Today in 1863 – Isaiah Martin Born

Isaiah G. Martin was born in Missouri. He tried teaching school for awhile, but then became an actor and singer in vaudeville and the theatre. He later put his faith in Christ through the ministry of Peter Bilhorn, and began serving the Lord as a singing evangelist. His song The Eastern Gate was based on a frequent comment of Dr. Phineas Bresee, founder of the Nazarene denomination: “We Nazarenes have an understanding that we are to have a meeting one of these days, just inside the Eastern gate [i.e. of the heavenly city].”

I will meet you in the morning,
Just inside the Eastern Gate.
Then be ready, faithful pilgrim,
Lest with you it be too late.

I will meet you, I will meet you
Just inside the Eastern Gate over there.
I will meet you, I will meet you,
I will meet you in the morning over there.

O the joys of that glad meeting
With the saints who for us wait!
What a blessèd, happy meeting
Just inside the Eastern Gate!

(2) Today in 1882 – George Schuler Born
George Stark Schuler was born in New York City. He received training in music at the Chicago Musical College, the Cosmopolitan School of Music, and at Moody Bible Institute. He became a member of the Moody faculty, and served there for 40 years. After retiring from Moody, he joined the editorial staff of the Rodeheaver Publishing Company, writing many choral anthems and gospel songs, as well as editing song books, and collections of music for piano and organ. He also wrote several books on the technical aspects of church music.

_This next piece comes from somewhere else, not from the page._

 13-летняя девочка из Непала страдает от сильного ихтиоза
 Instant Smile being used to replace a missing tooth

In 1924, Ira Wilson’s gospel song Make Me a Blessing was published, with Schuler providing the tune. (For more about Ira Wilson and this song, see the second item under Today in 1821)

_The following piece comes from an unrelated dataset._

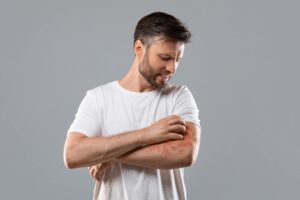 Skin Infections: Symptoms, Causes, and When to Seek Urgent Care in Stamford, CT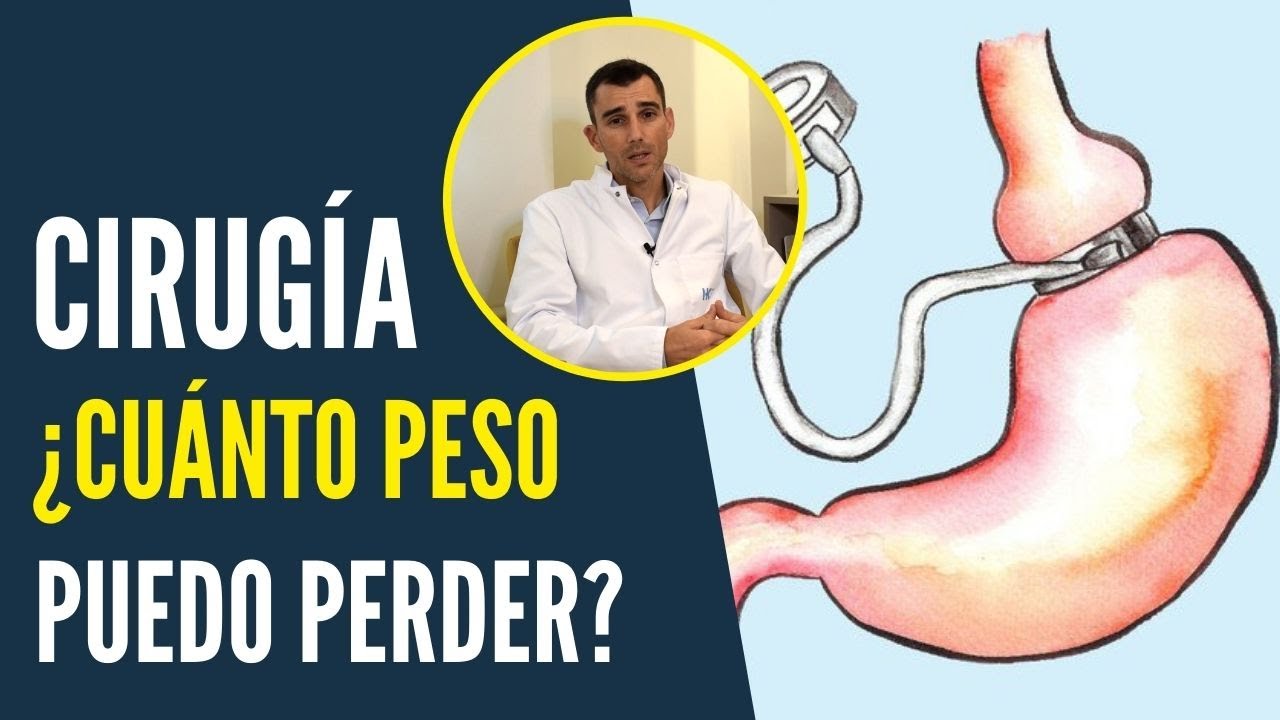 Cuánto PESO puedo perder con una CIRUGÍA - Doctor Álvaro Bueno Delgado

Out in the highways and byways of life,
Many are weary and sad;
Carry the sunshine where darkness is rife,
Making the sorrowing glad.

Make me a blessing, make me a blessing,
Out of my life may Jesus shine;
Make me a blessing, O Saviour, I pray,
Make me a blessing to someone today.

The photo montage of animal pictures on this video clip seems a little incongruous, but the piano arrangement of Mr. Schuler’s song is fine.